17 March 2010 No Comment

The big question being asked by those involved in the credit risk management industry and generally is are we out of those dreaded recession “woods”?

From purely a practical personal perception the answer would be no. The number of bad debt hand-overs decreased toward the end of last year only to bounce back in February and March of this year, particularly businesses being handed over.

However Moody’s being reported in Business Report has stated the opposite:

“South Africa’s economic recovery has “arrived with a bang”, says Kristin Lindow, a senior vice-president at international credit ratings agency Moody’s.

At a media conference yesterday, she said “the numbers had really rebounded” and predicted growth of 3.2 percent this year, well ahead of the forecast of 2.3 percent in last month’s budget.

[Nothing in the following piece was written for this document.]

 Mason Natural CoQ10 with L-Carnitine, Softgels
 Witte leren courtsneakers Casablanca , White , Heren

Lindow said the country’s recession had been relatively “shallow”. The German economy for instance had contracted about 5 percent, compared with South Africa’s shrinkage of 1.8 percent last year.

But job losses in the local economy were “outsized relative to the economic contraction, with employment down 6 percent” because the mining and manufacturing sectors had been badly hit.” (read the full report here)

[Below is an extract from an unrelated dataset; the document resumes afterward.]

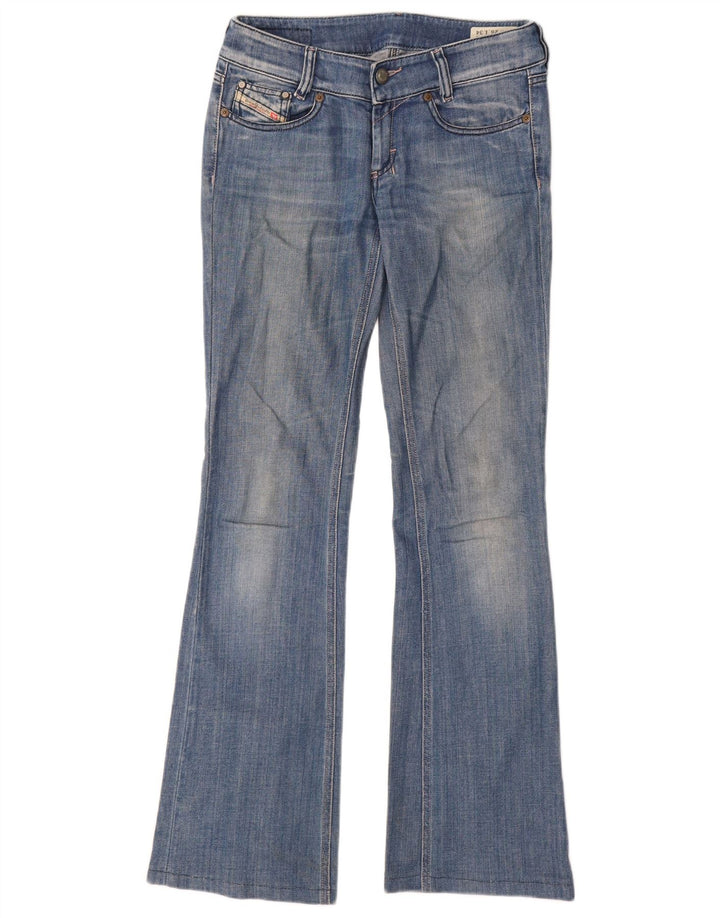 Damskie jeansy Diesel Louvely Bootcut W26 L32 Niebieskie bawełniane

So why are we then still seeing the increased bad debt hand-over rate? A potential answer can be found in a statement last year in which it was reported that:

“Corporate failures are expected to increase between now and the first quarter of next year, according to WesBank, the vehicle and asset finance house of listed FirstRand.

Chris de Kock, the executive head of sales and marketing at WesBank, admitted yesterday that failures in the corporate market was the only thing “worrying us now”, adding that there was always a 10- to 12-month lag between consumers faltering and corporate failures.

“We have a consumer-led economy and as the consumer falters, it has to have an impact on corporates. It takes corporates about 12 months to reduce their cost base and debt when the consumer falters.”

De Kock believes the corporate cycle will be less severe than the consumer cycle but still be “dramatic”.

The corporate cycle was also always shorter than the consumer.”